Records from a collection
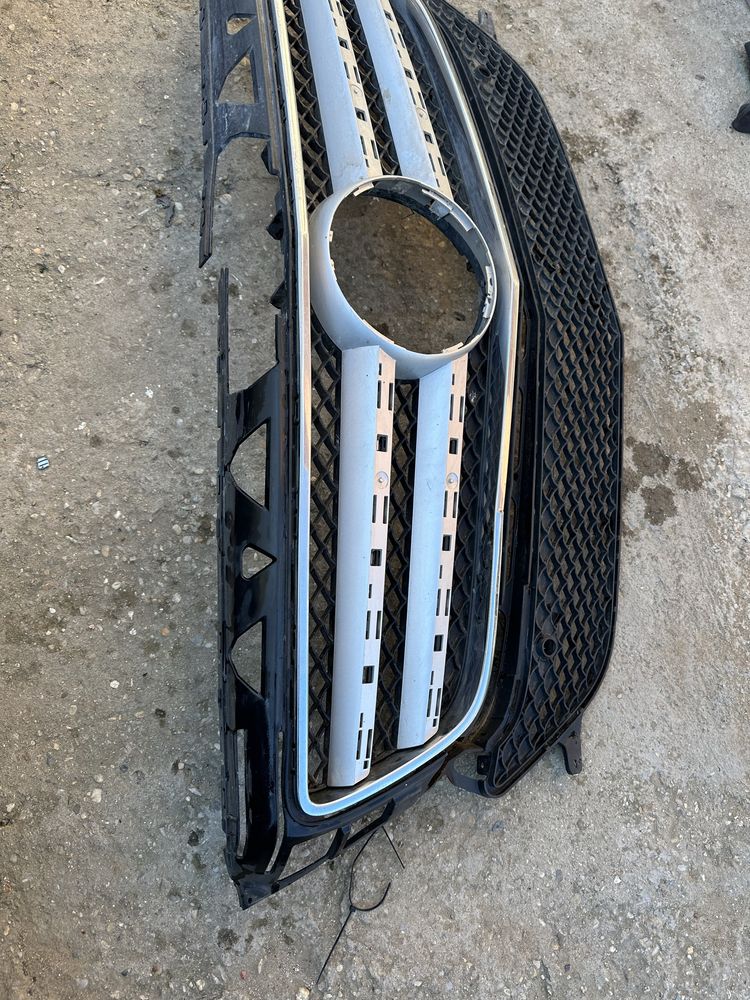 Grilă radiator mercedes cls.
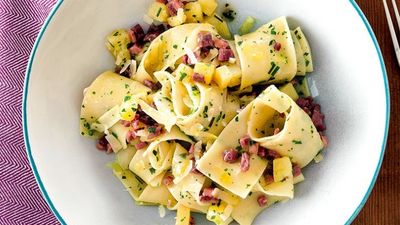 2016/11/Pappardelle-patate-e-prosciutto4-890x570.jpg
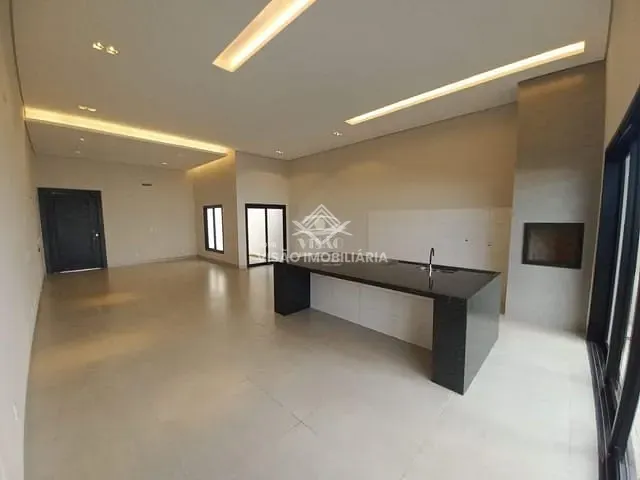 Casa com 352m², à venda, no bairro Aquarela das Artes em Sinop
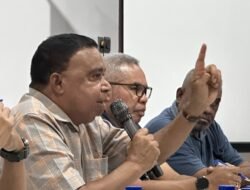 Bupati Benyamin Arisoy Evaluasi Pelayanan RSUD Serui, Persiapan Akreditasi Jadi Perhatian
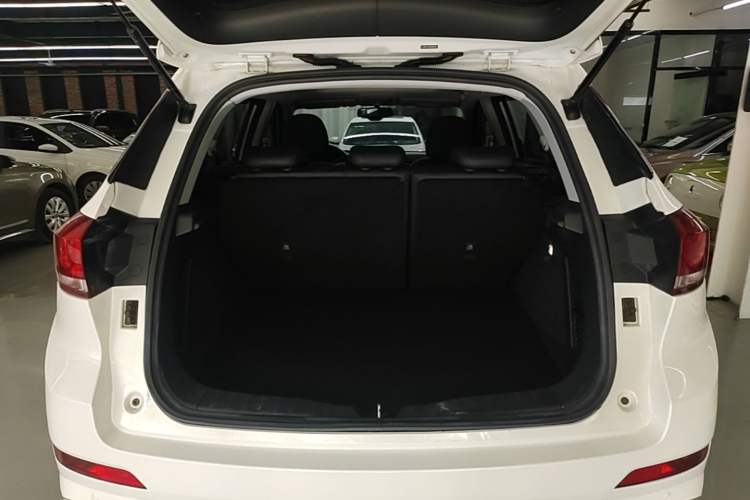 Used Haval H6 Coupe 2020 SmartConnect Edition 1.5T Automatic Two-Wheel Drive Luxury SmartConnect Model Trunk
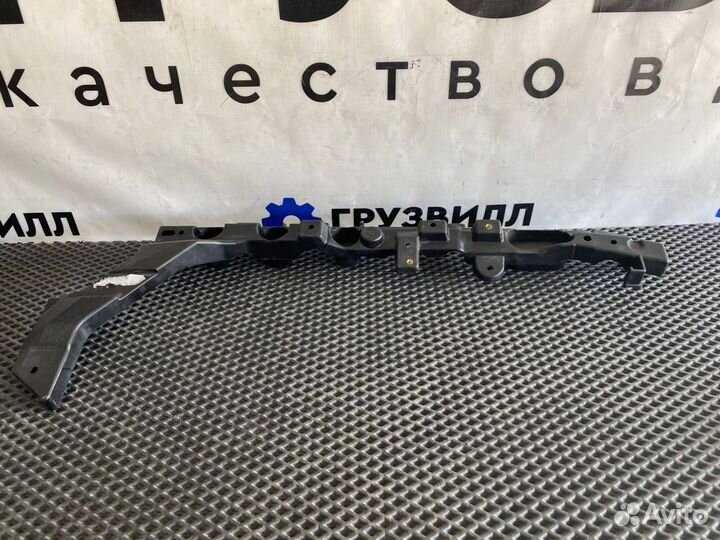 Кронштейн подножки Volvo FMX 82611632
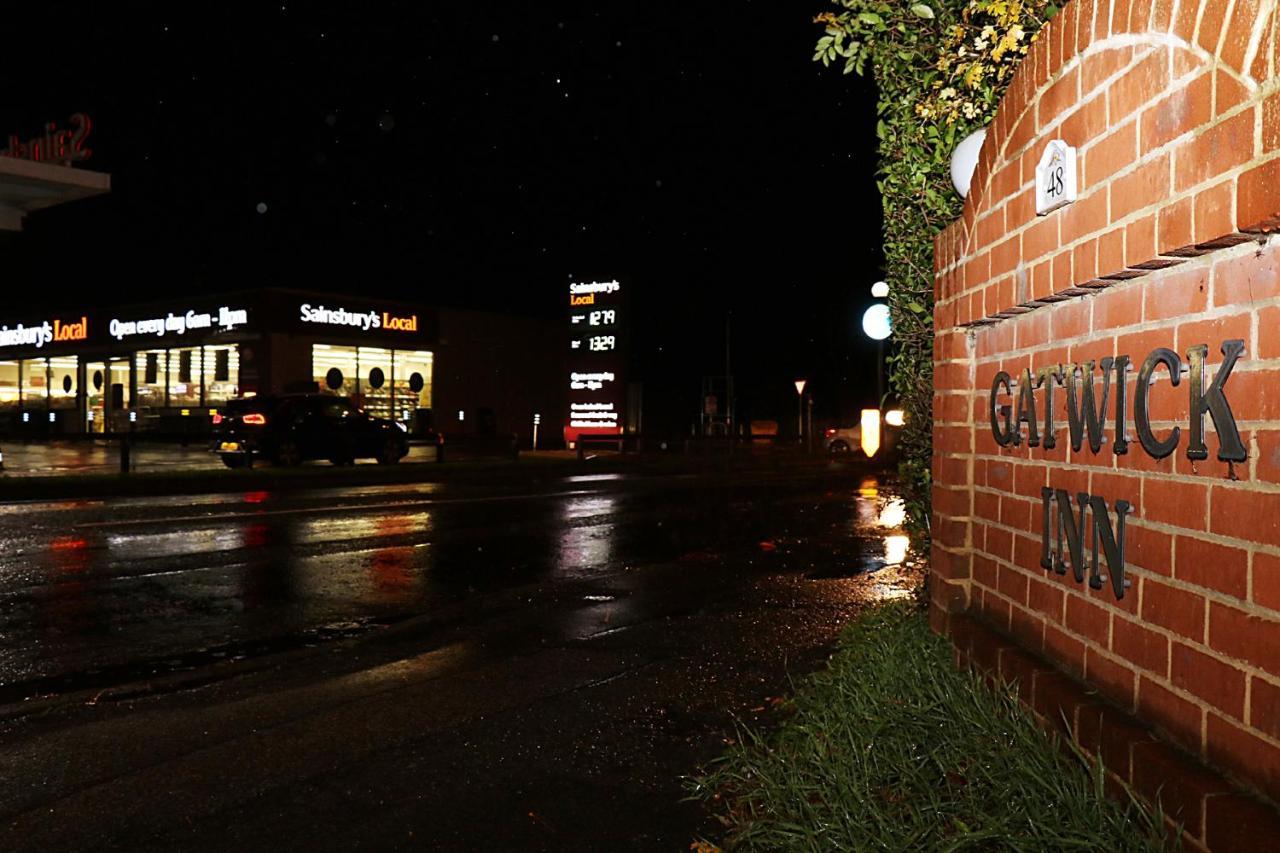 Gatwick Inn Horley Exterior foto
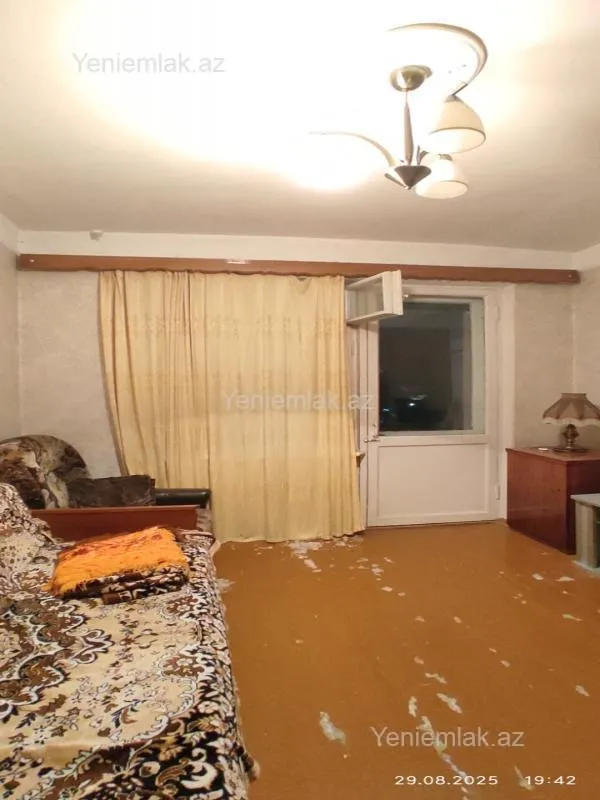 Satılır 2 otaqlı köhnə tikili 46 m²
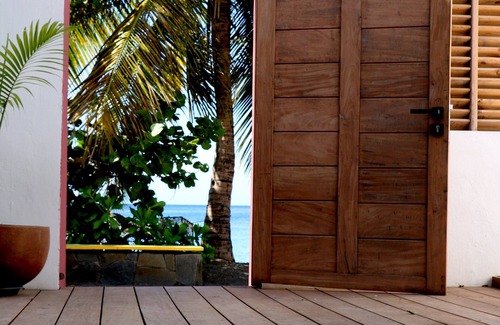 Case-Pilote Casa | SOUS LE SOLEY Downstairs luxury villa on the waterfront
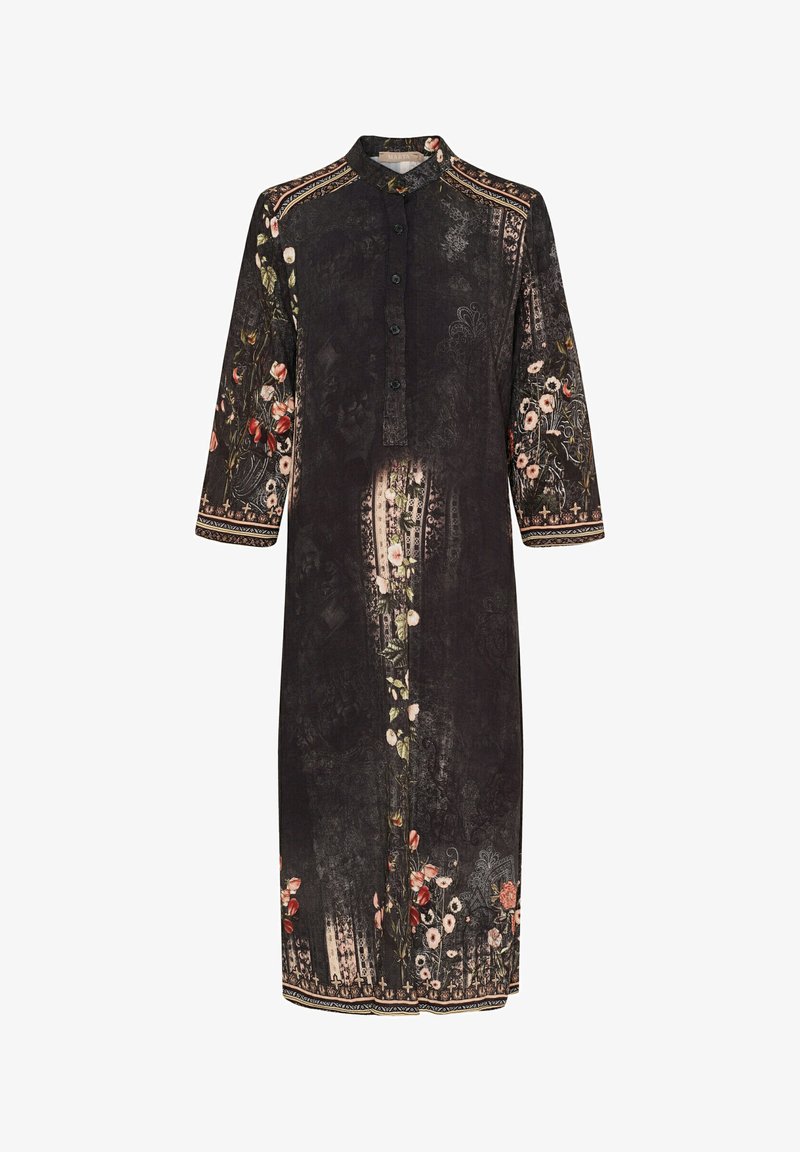 Lang sort kjole med blomsterprint, lange ærmer, knaplukning fortil og dekorative kanter ved manchetter og skuldre.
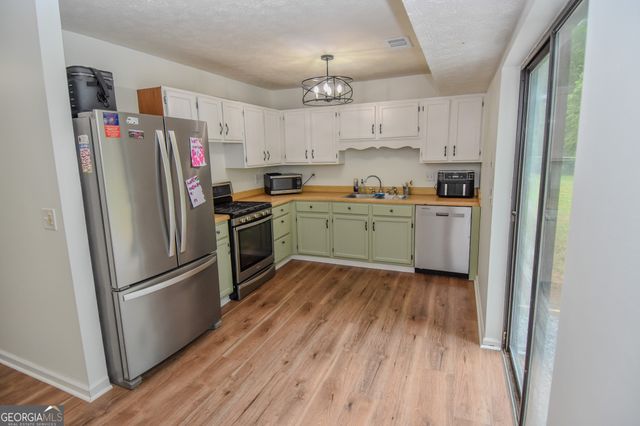 2075 Highway 36 E, Milner, GA 30257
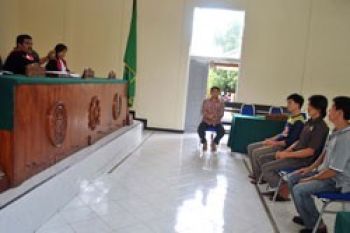 Terdakwa Menangis Dalam Sidang Pencurian Ikan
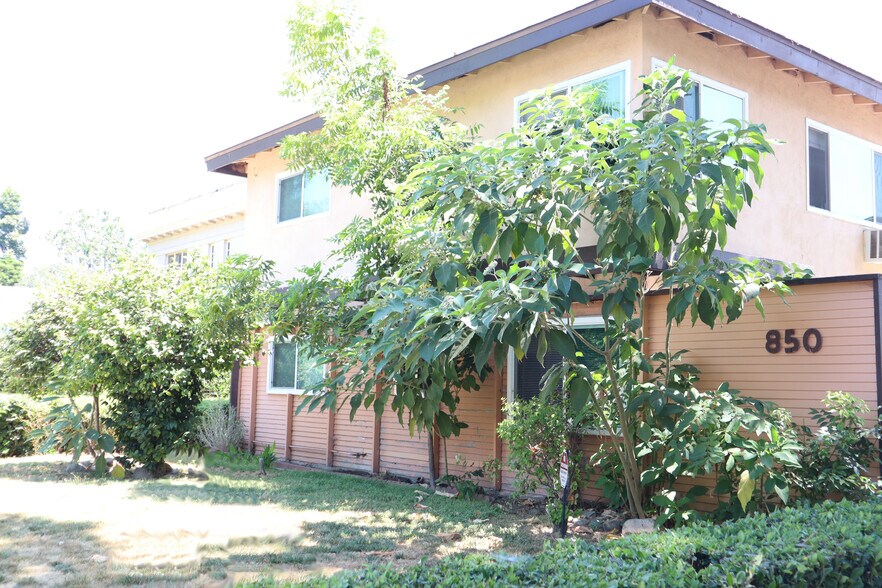 More Photos Of 850 N Marengo Ave, Pasadena Apartments For Sale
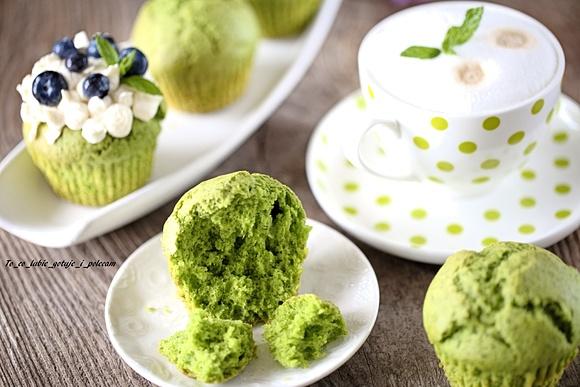 Zielone muffinki ze szpinakiem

• _TASK_: Your response should consist solely of the lines from the line with "Lang sort kjole" through the last line of the entries above, printed exactly and without pictures.

• _ANSWER TO THIS PROBLEM_:
 Lang sort kjole med blomsterprint, lange ærmer, knaplukning fortil og dekorative kanter ved manchetter og skuldre.
 2075 Highway 36 E, Milner, GA 30257
 Terdakwa Menangis Dalam Sidang Pencurian Ikan
 More Photos Of 850 N Marengo Ave, Pasadena Apartments For Sale
 Zielone muffinki ze szpinakiem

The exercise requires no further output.